This past July, I entered the NYC Midnight Fiction competition. This is a 48-hour fiction challenge. Participants are divided into groups and given a genre, location for the story, and a random item that the story must include.
It's similar to the cooking show "Chopped" where would-be chefs are given a mystery basket of ingredients and told to create something using every ingredient. There's always one ingredient or odd combination that truly challenges the creator and the audience.
When my writing mystery was revealed, I learned that I had to write a historical story that took place in a seminary and included shampoo. And as this was the flash fiction challenge, I had to create something in 1,000 words or less.
Step one, learn everything I needed to know about historical fiction without getting caught in the over research trap.
Step two, find a suitable time in history and a subject.
Step three, write.
Historical fiction is any story that is 50 years or older - ok got it!
Because my story needed to take place in a seminary, it needed a religious theme. Maybe...
Shampoo, my must-include element was first introduced in 1927.
One of the charms of this type of writing is how you can bend the rules, extend your creativity, and still not blow it.
I settled on the historical figure/myth of Pope Joan.

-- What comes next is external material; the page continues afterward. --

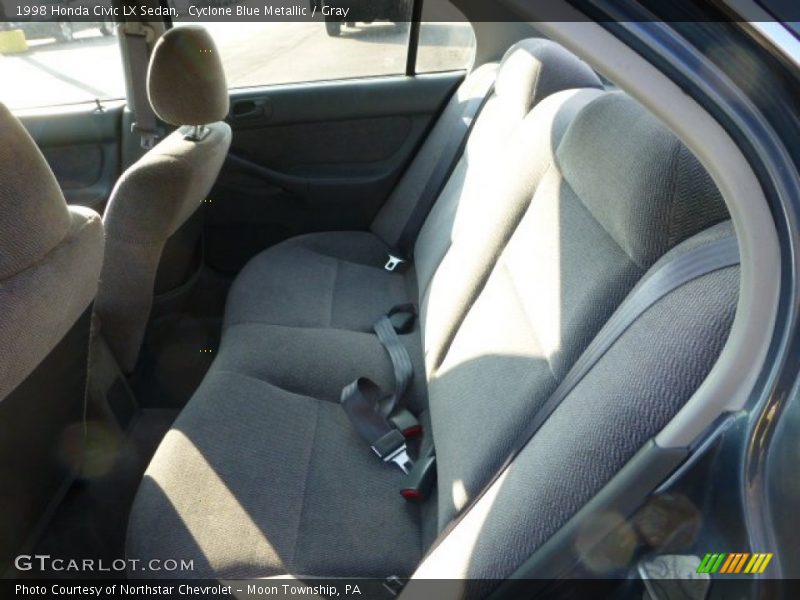 Cyclone Blue Metallic / Gray 1998 Honda Civic LX Sedan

The story is that a young, possibly German woman devoted to education, study, and God dresses as a man and ascends through the ranks of religious life to eventually become Pope. Some scholars say there are clues that this happened. Others say it's pure myth. Either way, it was great material and I went with it. After the competition is over, I'll post it.

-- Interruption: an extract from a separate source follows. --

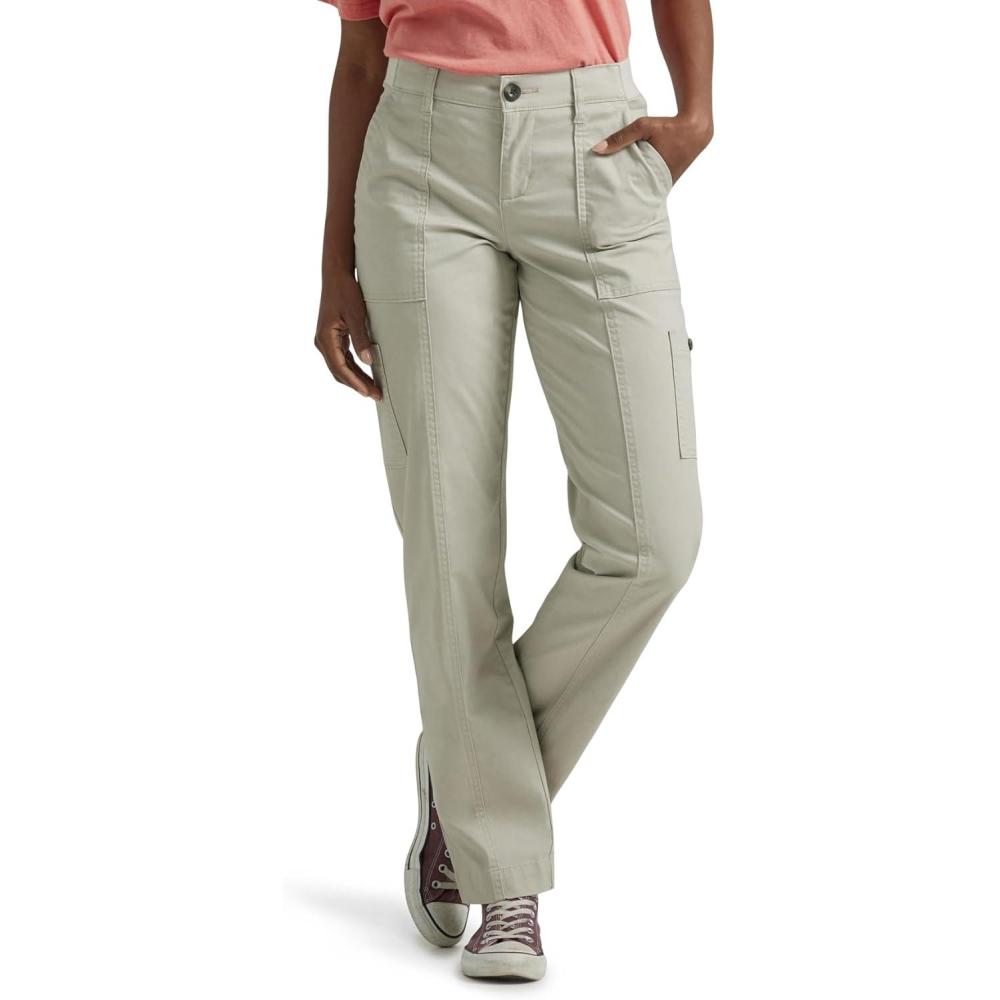 imageLee Womens Ultra Lux Comfort with Flextogo Utility PantSalina Stone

This was an intense writing exercise and I was fortunate to share the experience with two of my writing friends. It was great to have feedback on the story and to laugh about the different challenges we all had.

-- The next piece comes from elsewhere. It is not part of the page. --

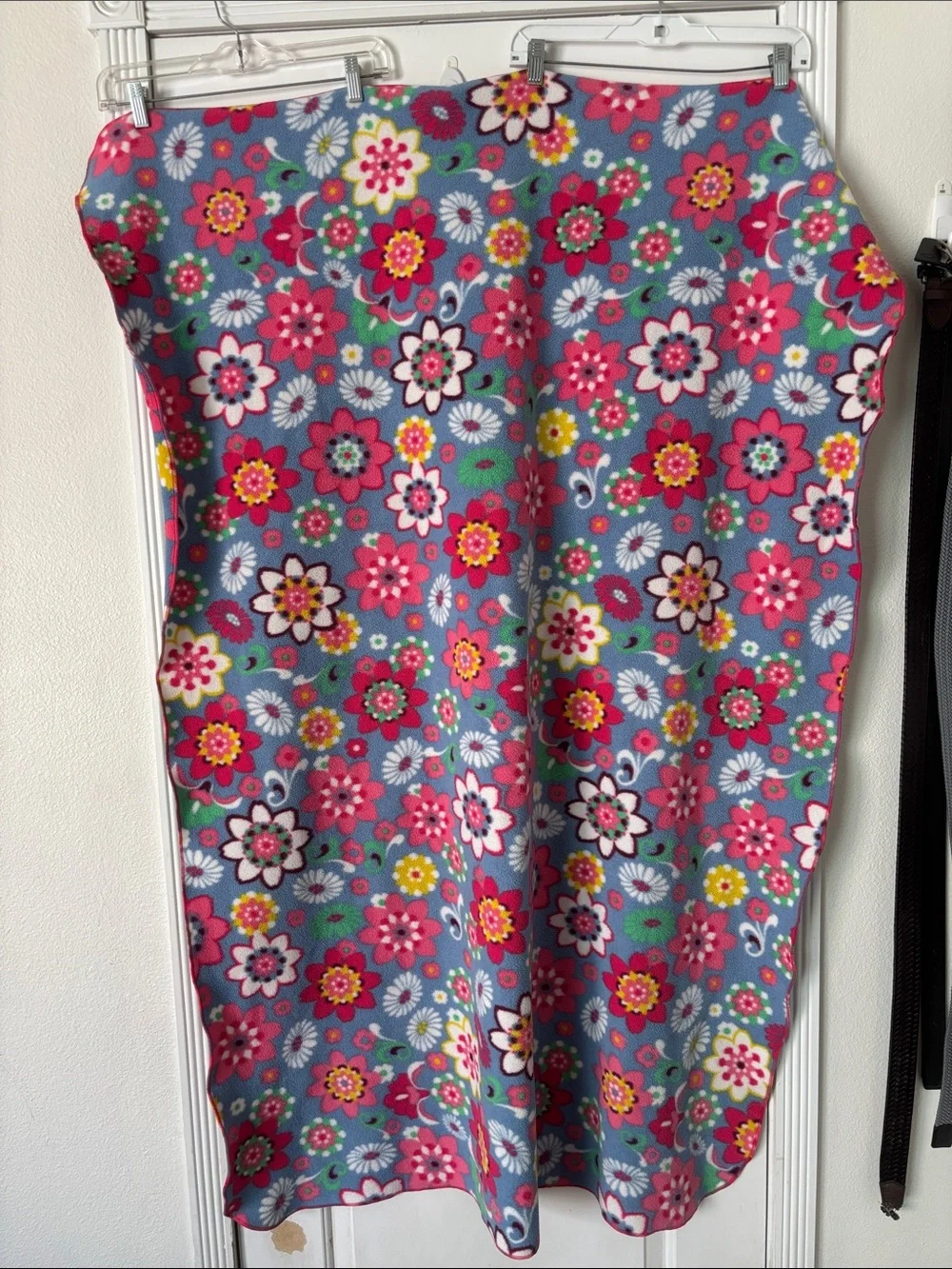 Patagonia Floral Fleece throw kids Blanket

Did I write a great story? Ah, honestly, no. But I did learn a lot about speed, details, and what I can do with proper motivation. It was hard, it was fun, and my family stayed out of my office while I frantically read, wrote, read, edited, and fretted as the minutes ticked away.
I will not get my score until mid September. Then, there is round two where I do it all over again. The scores of my two stories will be combined and if they are high enough, I'll advance to round three where it starts all over again. A round three advance would be a win for me.
If this challenge sounds interesting to you, I've learned of another similar contest:
The Great Flash Fiction War. Here's the link: http://www.fictionwar.com
This contest runs October 21-24.
Go for the flash, you'll learn something - I promise.